With Valentines day coming tomorrow, I feel that I have seen more folks rushing into love. So many engagements, weddings and relationships changes. I think it is all great stuff but I not sure that a holiday should make us rush anything along.
Like this date tonight, not sure it would have happened without Single-Awareness day, lurking around the corner. Last night, I went to a party where there were hundreds of singles hoping to mingle before the big day.
I struggle at these kind of functions. I feel like I have to force myself to talk to people, to look like I am trying. I kept giving up. It was a small apartment and there were so many people. Several times in the night I curled up in one of the many corners and crossed my arms and legs in hopes that my body language would scare them away from me.
Please, I am not anti-social nor do I think I have crowds of people that were begging to talk to me. But there were moments where I had to just give up a little bit. Other times, I was all over socializing. I met and talked with more guys than the last two months combined. That was nice.
Oh, but how long did the party go on. I made a goal to just make it across the room, pushing myself through the hormones and pathetic attempts of flirting, just to get to the other side. (Like a chicken.)
Also, I took the little hearts, the party throwers provide as name tags, and wrote messages on them. My friends and I placed them on the backs of unsuspecting victims as we passed by them.
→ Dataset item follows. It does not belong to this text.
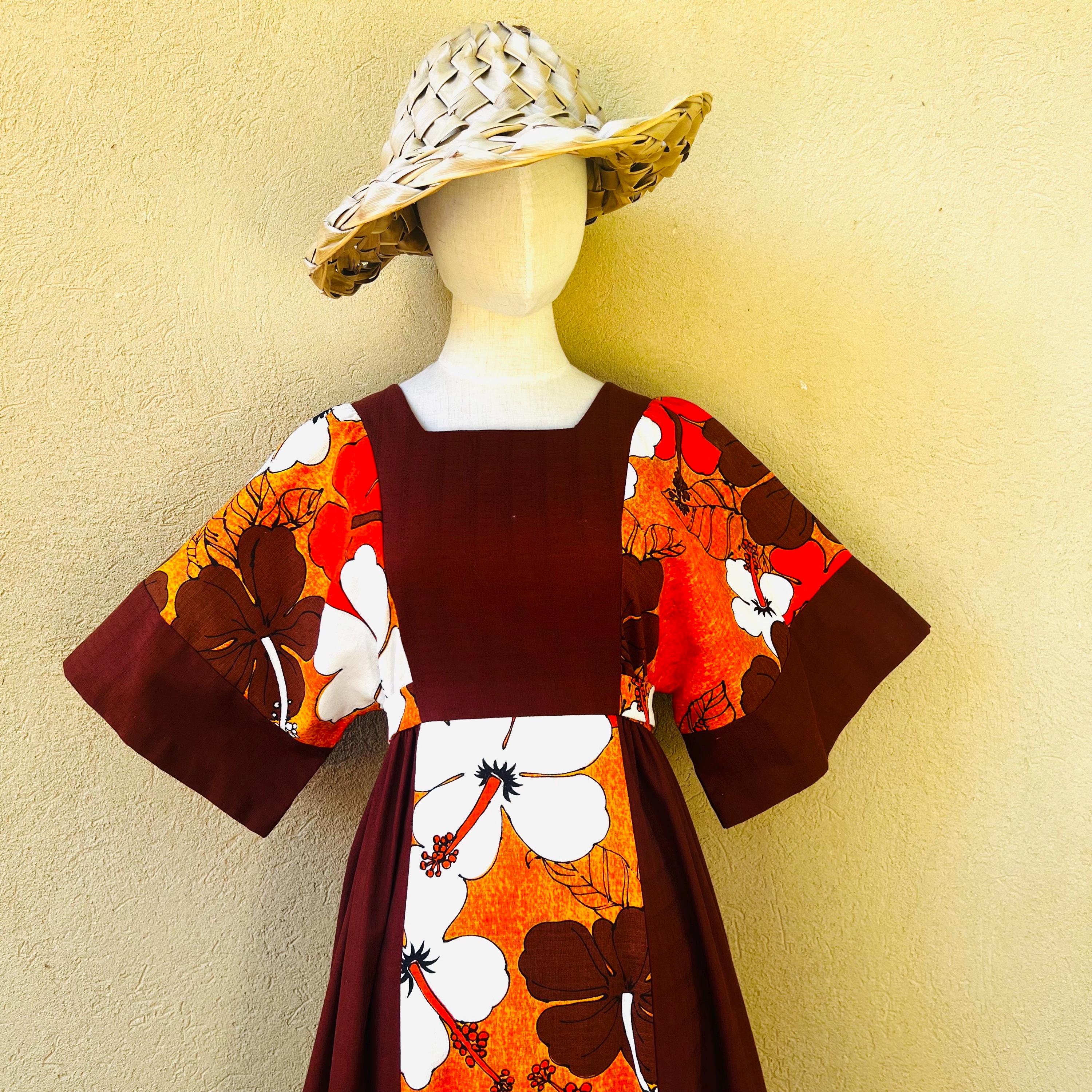 1980s No Tag ビンテージ　ハワイドレス　S/M Bj's Fashions of Hawaii 1960's 60s 1970's 70s Vintage Retro Crisp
I think my favorite was “Maybe Tonight”, Arrested Development fans might understand that cousin joke. One said “I am bringing sexy back” and I am not sure who that ended up on. But who wouldn’t want to go home from a long party, flirting attempts were made, numbers were never exchanged, yet someone somewhere thought sexy was brought back by little old me. (and a little J.T.)
I was able to start some conversations because of my obvious immaturity.
Once again, it was relatively successful.